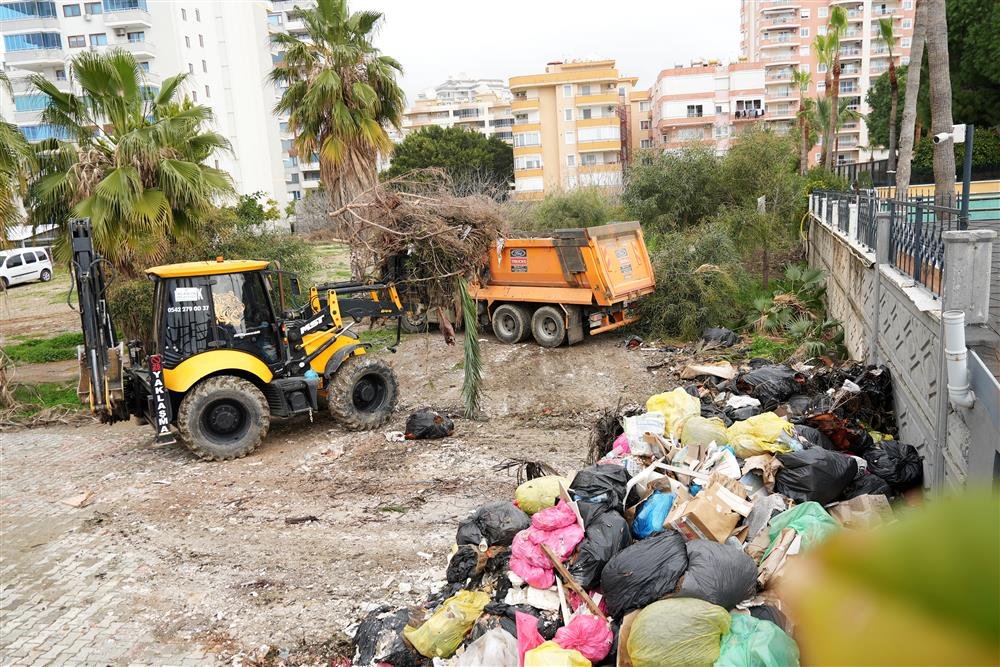Alanya’nın Mahmutlar Mahallesi’nde bir otelin budama ve moloz atıklarını çevreye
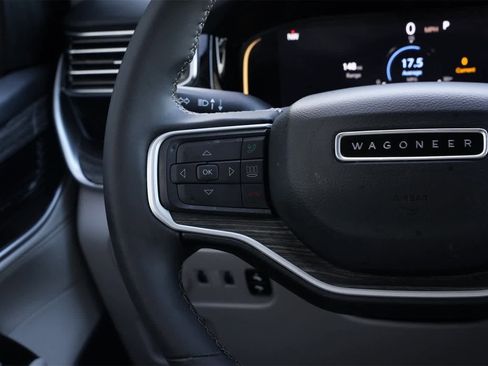 Used 2022 Jeep Wagoneer Series III w/ Convenience Group I image 10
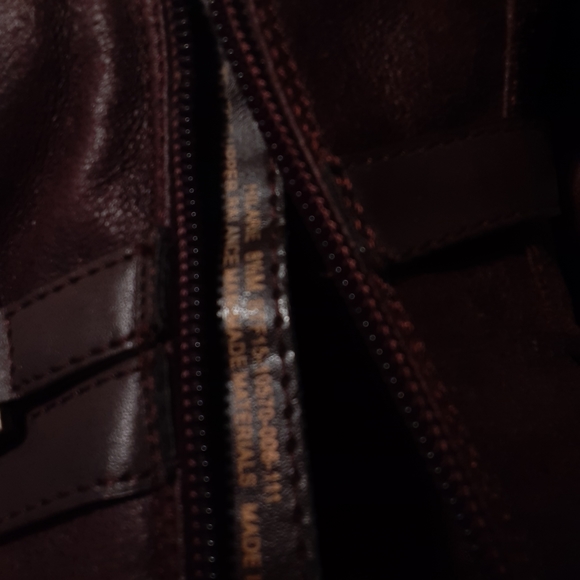 AD705 8-1/2 Bear Traps, Hilarie. Pre owned. Good shape. - Picture 4 of 8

________________________________________

Transcribe the full listing exactly, but keep every image out of it.

Alanya’nın Mahmutlar Mahallesi’nde bir otelin budama ve moloz atıklarını çevreye
 Used 2022 Jeep Wagoneer Series III w/ Convenience Group I image 10
 AD705 8-1/2 Bear Traps, Hilarie. Pre owned. Good shape. - Picture 4 of 8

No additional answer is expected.